I think Guamblog has a very good point about how Rector's anti-KUAM and anti-PDN stance is working. Both news agencies have for far too long gone unchallenged, and are both frankly sorry excuses for news companies. They are too used to having access, power and authority and so when Rector comes in and gives voice to what so many progressives or liberals on Guam claim, that the media on Guam is very pro-business, conservative and generally just not very good, it irks them. It is true that both KUAM and PDN have become increasingly frustrated and it is reflected in the way they constantly reword the fact that Rector won't do interviews with them or will only do interviews with certain pre-conditions.

Although things are very difficult for Senator Rector right now, and you can rightfully claim that some of that is because of his approach to politics or being in the legislature. But ultimately, you cannot discount the power and the potential that he has, and its unfortunate the his message has gotten lost, muffled by the media who wants to protect their profits, and also by fellow politicians who pathetically claim to be for everything and generally don't do anything.

Rector already passed a big test last year and will face the ultimate test next year in terms of whether or not he can get re-elected. People have alot of sayings and ideas about politics on Guam and most of them have nothing to do with reality or how things work. One regular constant in Guam's politics is that when the business community organizes against you, you tend not to get re-elected or elected. This was something Democrats learned in 1974 and 2004. We'll see if Rector's media approach is yielding good results for his message next year.

Comment 3

To anon -- Facebook "friend" only means that both parties have agreed to be part of each others social network. It's just an agreement on an alternative communication vehicle.

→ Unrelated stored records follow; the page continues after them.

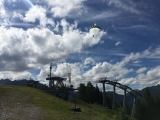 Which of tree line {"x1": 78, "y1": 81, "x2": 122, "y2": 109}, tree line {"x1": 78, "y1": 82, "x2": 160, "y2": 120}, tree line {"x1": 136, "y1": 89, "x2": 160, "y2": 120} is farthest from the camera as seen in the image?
tree line {"x1": 78, "y1": 81, "x2": 122, "y2": 109}

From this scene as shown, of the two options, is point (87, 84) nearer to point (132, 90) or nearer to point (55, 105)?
point (132, 90)

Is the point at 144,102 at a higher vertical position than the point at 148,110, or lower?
higher

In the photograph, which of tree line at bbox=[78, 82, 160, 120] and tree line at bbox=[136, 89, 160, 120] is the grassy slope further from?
tree line at bbox=[136, 89, 160, 120]

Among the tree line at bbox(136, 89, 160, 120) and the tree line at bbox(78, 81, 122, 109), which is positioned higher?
the tree line at bbox(78, 81, 122, 109)

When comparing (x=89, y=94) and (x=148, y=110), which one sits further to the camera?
(x=89, y=94)

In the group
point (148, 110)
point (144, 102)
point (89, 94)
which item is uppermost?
point (89, 94)

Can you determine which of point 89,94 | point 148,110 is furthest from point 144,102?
point 89,94

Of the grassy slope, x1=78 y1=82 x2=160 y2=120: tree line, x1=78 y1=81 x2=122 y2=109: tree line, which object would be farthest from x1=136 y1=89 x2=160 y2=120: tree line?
the grassy slope

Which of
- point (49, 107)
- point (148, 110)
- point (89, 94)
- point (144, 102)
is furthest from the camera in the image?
point (89, 94)

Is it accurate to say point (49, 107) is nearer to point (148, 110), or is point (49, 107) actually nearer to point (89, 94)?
point (89, 94)

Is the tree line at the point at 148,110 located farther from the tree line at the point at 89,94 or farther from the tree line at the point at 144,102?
the tree line at the point at 89,94

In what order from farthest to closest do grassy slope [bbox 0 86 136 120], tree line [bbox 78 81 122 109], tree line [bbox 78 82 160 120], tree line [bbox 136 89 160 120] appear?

Michael, one of your excellent points: ..."You can find a plethora of instances where any senator lies, bullies someone, makes someone mad, or is just plain useless. The media has developed this narrative over the past year, that Matt Rector has the monopoly on these traits." It certainly seems the case. It speaks to Rector as a threat to the established ways of doing business by government and media.

Separately, I enjoy, immensely, the always insightful analysis on your blog; your writings are the source, in my view, for alternative examination of the issues facing Guam.

1 comment:

leevin said...

I think that the Guam media has called out lots of politicians on perceived failures to "come clean" with the public (Jesse Lujan, Madeline Bordallo, to name a few).

Rector signed an affidavit stating that he had never been convicted of a misdemeanor involving a crime of moral turpitude in any state or on Guam. Rector clearly remembers the incident and clearly remembers the conviction. Yet rather than seek clarification on whether burglary is a crime of moral turpitude, Rector made a conscious decision not to say anything.

Whether you love or loathe Rector, I think it's hard to deny that he should have disclosed his criminal conviction.

My biggest beef with Rector is that he holds himself out to be a champion of the middle class, and dismisses any criticism against him as being an attempt to silence the masses.

I take it back. That's not my biggest beef, but it is one thing that I find irritating.